Two Welsh players, Aled Davies and Ross Moriarty, escaped any sanction for head-high contacts against English players in their test at Twickenham, yet French lock Paul Gabrillagues was red-carded and banned for six weeks when he cleaned out a ruck against Scotland in what appeared to be a legitimate means but connected with someone's head.
Australia were guilty of 17 neck rolls when they beat the All Blacks and not one was penalised and Jerome Garces didn't award even a penalty when RG Snyman dislocated Brodie Retallick's shoulder from an offside position in Wellington.
None of it makes sense. None of it gives players or coaches any confidence that this World Cup will be determined by what they do, but will instead hinge on the entirely unpredictable actions of the referees in charge who have been given vague and ambiguous guidance on what is expected.
Seeing what they have in recent weeks, every international coach is now convinced that referees will determine who wins this World Cup and they all expect red cards will be shown in record numbers and most likely for offences that were accidental.
And the fact that rival coaches are all on the same page is perhaps the greatest clue as to how bad things are.
When Barrett was red-carded, first Wallabies coach Michael Cheika expressed empathy for the player – suggesting that he didn't support the decision but knew why it had been made.
A day later and England coach Eddie Jones went much further, calling it ridiculous and pleading for common sense to be applied.
There's something not right when the Wallabies and England are jumping to the defence of the All Blacks.
But there is solidarity in the ranks because coaches all know the difference between foul play with intent and collisions that have unintended consequences as a result of late changing body positions and other unforeseen circumstances.
Jones and Cheika know that the game is currently a lottery and while it was Barrett red carded in Perth, in the current arbitrary world, it could just as easily be one of their own who is the victim of nonsensical refereeing at the World Cup.
After preparing players and game-plans for four years, no one really wants to get to the World Cup and find out that the referees aren't up to it but that prospect now seems unavoidable.

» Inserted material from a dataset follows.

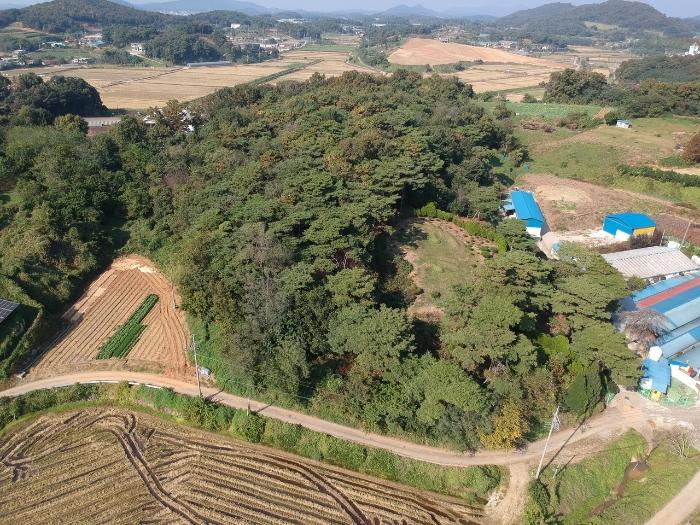 2024타경20921 법원경매 사진13 | 충남 보령시 답 경매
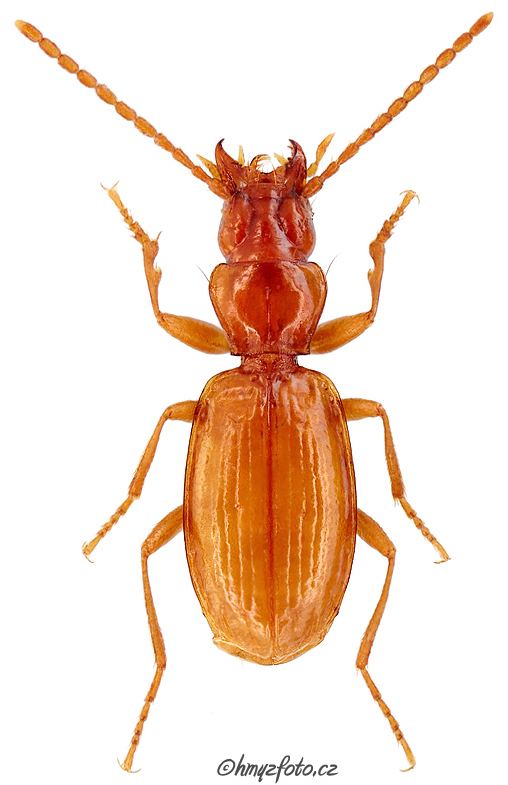 Duvalius Genus Duvalius Delarouzee 1859 65 Carabidae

As hard as the various coaches have campaigned behind the scenes for clarity and consistency, it's clear they are not going to get it in Japan.
Why would they? They haven't seen any common sense applied this year and certainly not in the last two months.
The picture becomes increasingly not less confusing the nearer the World Cup gets and most baffling of all has been the reluctance to deal with the increased volume of neck rolling that has crept back into the game.
World Rugby is determined to protect players' heads but not their spines, apparently. One hint of a head collision and a red card could come out, but put someone in danger of being paralysed and no official can see a problem.
Ask the players about what really concerns them and it's that – being gripped around the neck and shifted with their spinal cord dangerously vulnerable.
Sam Cane spoke about this recently, saying: "Referees have dropped off neck roles a little bit. They were hard on that at the [last] World Cup, but it has crept in a wee bit. Every now and again you are at the breakdown and someone gets you around the neck and you have that second of 'oh jeepers what is going to happen here?':.
And "oh jeepers what is going to happen here?" may as well as be the universal credo for this World Cup.